It was only in October 2022 that ALA received an invitation from the Attorney General’s office, to attend a meeting together with MoF and GRA to discuss matters relating to our Notice of Intention to Sue. At the meeting, the parties rehashed their positions following which the Attorney General requested written submissions from all parties. ALA complied and submitted its client’s position but has not received that of either the MOF or GRA. Indeed, until your generous release of the Attorney General’s opinion(s), as far as we were aware, no real progress had been made. We are, indeed, thankful.

If I may ask: is it the legitimacy of our client’s claim or the quantum of the sum claimed by our client that bewilders you? Further, is this not a simple matter of a legitimate claim arising out of the specific performance of the terms of a contract mutually entered into by the parties? Again, has the MoF and/or GRA agreed to pay or to even sit down to negotiate it down? Would this have been a matter at all, in your reckoning, if any other qualified lawyer was handling this matter? Is it your point that as a cousin to the President it is unethical for me to represent a client who has a legitimate case against the state?

Be assured that there are numerous other top-tier firms in this country that are currently representing clients whose legitimate causes of action stem from quite similar issues, regarding contracts signed around the same period by the government in which you served.

Again, I wish to underscore the fact that our client has not been paid any part of the amount claimed to be owed to it under the NSW Contract. Our client’s case is not a challenge to the termination of the NSW Contract. It is simply a dispute over arrears owed for work already done and a claim for monies due it in accordance with the express terms of the said contract between the parties.

It is intriguing that you, of all people, see as a scandal lawyers engaged in their legitimate work of seeking to recover arrears owed to their clients, even when their claim, per your own “leaked” documents, is not, in principle, disputed by the Attorney General. I wonder how you reconcile your stance against ALA with the claim against you by the then Attorney General when you were a member of government? See Peace FM website: https://www.peacefmonline.com/.../politics/201207/123769.php.

If a deputy minister at the Ministry of Education (and a non lawyer at that) could gather the moral courage and see no wrong in lobbying to be paid, a contractor, whose very claim was being challenged in court at that material time by the Attorney General, then the world may be forgiven to see as extremely curious your description today of the West Blue claim as a “scandal.” Assuming, of course, the claim against you by your Attorney General is true.

Be assured that ALA is fully committed to pursuing our client’s legal rights in respect of its claim under the NSW Contract, and that should the MoF and the GRA decide to give us audience, we are duty-bound to assist our client to negotiate a settlement with the Government on the payment of the claim. In the event that this does not happen, our client reserves its rights to resort to a lawsuit for the recovery of the debt.
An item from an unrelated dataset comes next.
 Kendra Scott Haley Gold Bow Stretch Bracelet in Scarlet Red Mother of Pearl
In the interest of the public, we are willing and ready as a firm to defend the integrity of our professional work in this matter before any appropriate forum and without prejudice to any course of action we may wish to take in the interest of our client.
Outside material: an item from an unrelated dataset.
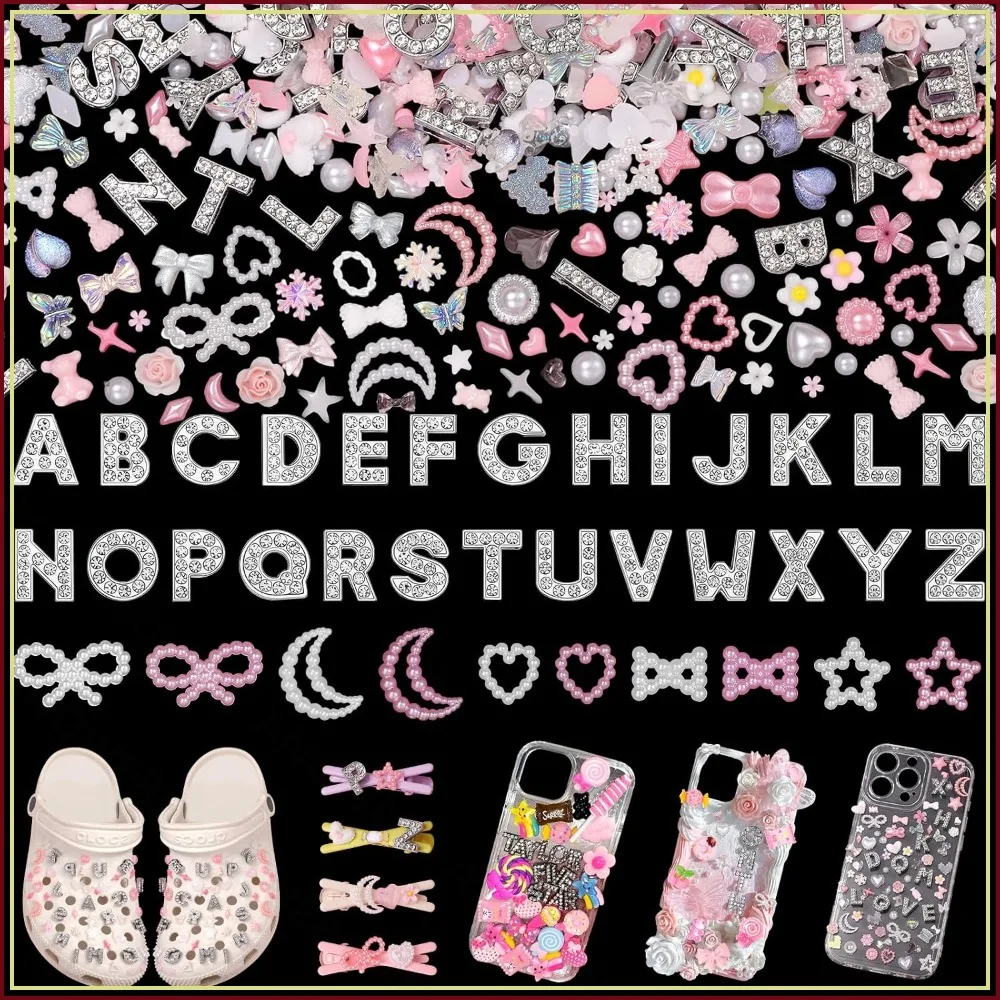 A-Z Alphabet Letters Junk Case Charms Kit, Pink Assorted Slime Charms Bulk for DIY Necklace Bracelet Jewelry Making Scrapbooking Crafts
Lastly, take note that I am a lawyer and Senior Partner of a corporate law firm and that I am entitled by the codes of my profession to provide legal services to clients who approach our firm, and will continue to do so without any other considerations, besides the legitimacy of the issues involved.

Ablakwa's full reply:

Gabriel Asare Otchere-Darko’s long-awaited response to the GHS187.3million “Kitchen Scandal” deliberately fails to address the fundamental issue.
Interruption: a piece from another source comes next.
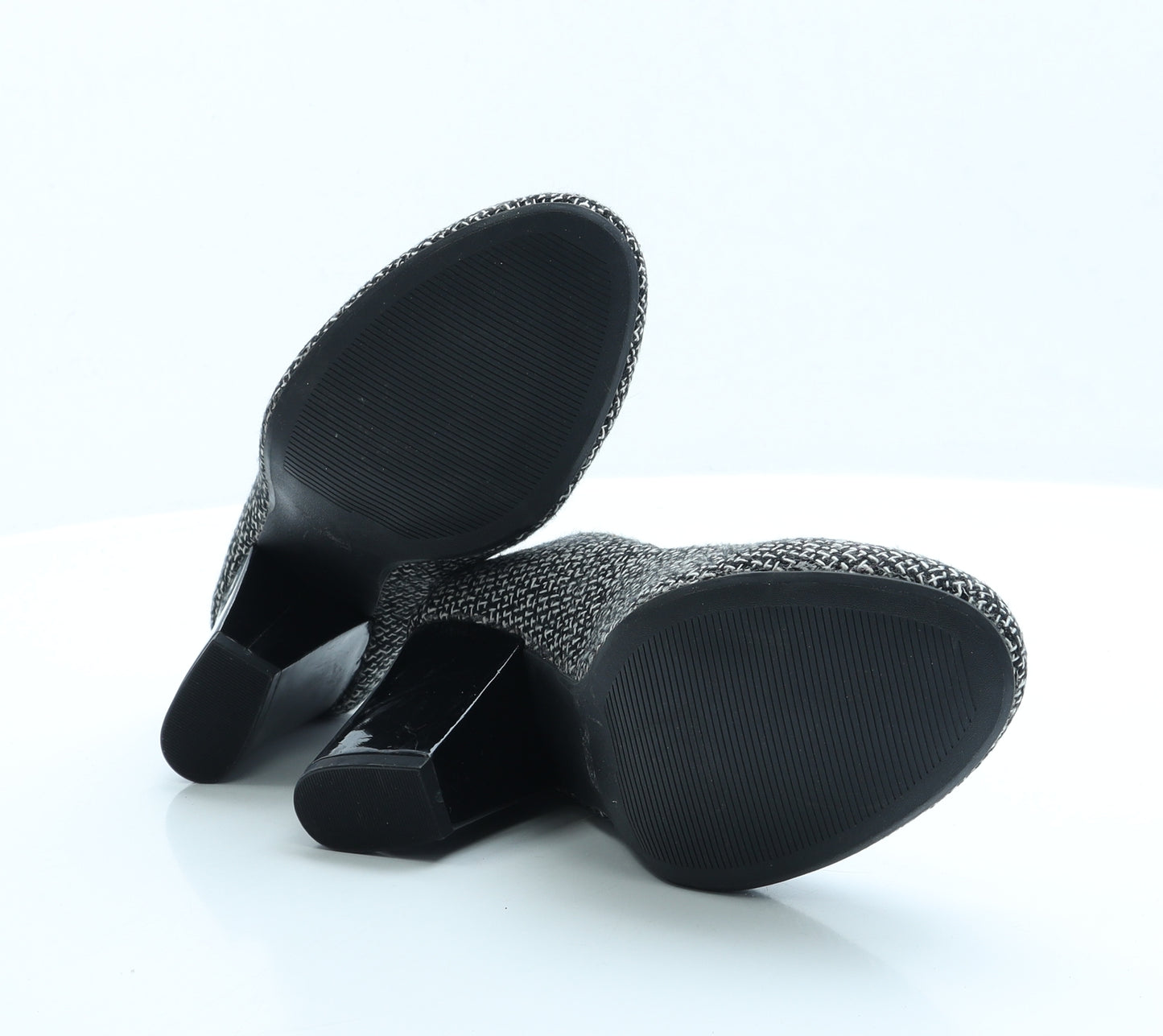 F&F Womens Black Polyester Court Heel UK 7 EUR 41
A few years ago, Gabby & his NPP collaborators accused President Mahama of wrongly awarding a bloated contract to West Blue. They so much believed in their position that they raised hell and even proceeded to court in an attempt to stop the contract.

Now Gabby claims in sharp contrast to their earlier stance and infamous blistering attack that President Mahama didn’t pay West Blue enough and therefore Ghana owes his latest client GHS187.3million plus interest. What has changed? What explains this U-turn of the century?

Strangely, Gabby is relying on the same 4th August 2015 contract which didn’t come into effect because a value-for-money condition precedent was not satisfied; based upon which the Akufo-Addo administration disengaged with West Blue by a 25th January, 2018 letter signed by Deputy Finance Minister, Kwaku Kwarteng.

Meanwhile, the value-for-money audit submitted to this NPP administration reveals that West Blue rather owes Ghana and not vice versa.

I salute the Ghana Revenue Authority for standing firm in the face of Gabby’s incessant threats and insisting that Ghana doesn’t owe West Blue.

I trust Parliament’s Finance Committee to do a great job in protecting the national interest following my formal discussions with its leadership.

This latest colossal GHS187.3million scheme (minus so-called interest) by Akufo-Addo’s “Kitchen Cabinet” shall not succeed.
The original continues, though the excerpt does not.